O Hercules C-130 retornava para o Rio, quando colidiu com aquele morro no meio da floresta. O Segundo Sargento Eliseu estava nele. Era o mecânico de voo. Eliseu veio rápido e repentino. Rápido e repentino se foi. Eu, Rosana, Estela e Paula Fernanda prosseguimos.

Ainda vi Eliseu umas três vezes por casa, forte como ficou depois de adulto. Eu o via, e sabia que ele podia me ver. Da última vez, me olhou bem nos olhos, deu um sorriso que guardo até hoje, saiu e nunca mais voltou. Ainda vou tornar a ver o meu guri, gostaria sim.

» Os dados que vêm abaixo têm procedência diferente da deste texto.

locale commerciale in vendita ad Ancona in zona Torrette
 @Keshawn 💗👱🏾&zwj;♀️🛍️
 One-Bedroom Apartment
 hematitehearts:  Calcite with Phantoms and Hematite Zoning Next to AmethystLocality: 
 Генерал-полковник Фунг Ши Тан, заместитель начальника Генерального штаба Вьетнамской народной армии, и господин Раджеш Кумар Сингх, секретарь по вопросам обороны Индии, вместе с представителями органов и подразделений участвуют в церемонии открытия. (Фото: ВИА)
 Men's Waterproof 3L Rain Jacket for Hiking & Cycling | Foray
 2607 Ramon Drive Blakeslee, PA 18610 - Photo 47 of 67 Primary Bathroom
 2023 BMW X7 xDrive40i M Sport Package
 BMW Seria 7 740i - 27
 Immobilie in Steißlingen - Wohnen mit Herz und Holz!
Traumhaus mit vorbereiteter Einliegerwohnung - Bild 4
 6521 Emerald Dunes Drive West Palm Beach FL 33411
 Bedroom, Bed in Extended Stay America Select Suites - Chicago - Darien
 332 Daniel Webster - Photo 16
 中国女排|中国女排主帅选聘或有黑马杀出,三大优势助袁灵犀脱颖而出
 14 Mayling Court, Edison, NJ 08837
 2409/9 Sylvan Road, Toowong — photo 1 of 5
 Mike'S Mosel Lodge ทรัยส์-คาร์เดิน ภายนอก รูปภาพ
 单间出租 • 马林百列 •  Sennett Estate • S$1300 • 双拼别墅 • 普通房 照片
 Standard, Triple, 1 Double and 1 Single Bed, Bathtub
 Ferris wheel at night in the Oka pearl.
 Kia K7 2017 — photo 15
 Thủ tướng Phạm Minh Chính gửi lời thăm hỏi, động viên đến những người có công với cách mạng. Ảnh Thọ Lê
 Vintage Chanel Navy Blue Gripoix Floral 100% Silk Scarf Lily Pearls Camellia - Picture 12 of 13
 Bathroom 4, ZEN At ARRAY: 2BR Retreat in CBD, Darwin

Enfim, já não se usa mais tocar as canções com as mãos. Sentir sua mídia de gravação, ler as informações todas contidas nela, todas aquelas letrinhas miúdas, como ao tempo dos discos. Tudo isso fazia parte.

Meu neto, filho da Estela, com seu smartphone, tem mais músicas do que poderá ouvir em toda a sua vida. Também, não deixa de ser verdade que muita coisa entendida como qualidade se perdeu. Ele não se dá conta, mas está ouvindo (e vendo) muita porcaria sob o rótulo de música. Ante a dificuldade para se obtê-las, os garotos do meu tempo, eram muito mais seletivos.

Fixar o vinil no prato, acionar o braço mecânico, ouvir aqueles estalidos, e então se deleitar com canções que se fizeram inesquecíveis.

Ficávamos sentados no chão, junto da vitrola, em atitudes que nunca mais se repetiriam, não daquela forma, não com aquele valor.

Tudo bem, as coisas mudam, já entendi. Mas, as ansiedades; as alegrias e incertezas. A necessidade de ter de manusear aquelas canções, uma de cada vez; os encontros com os amigos e as interações que fazíamos, não sei se hoje em dia significam a mesma coisa.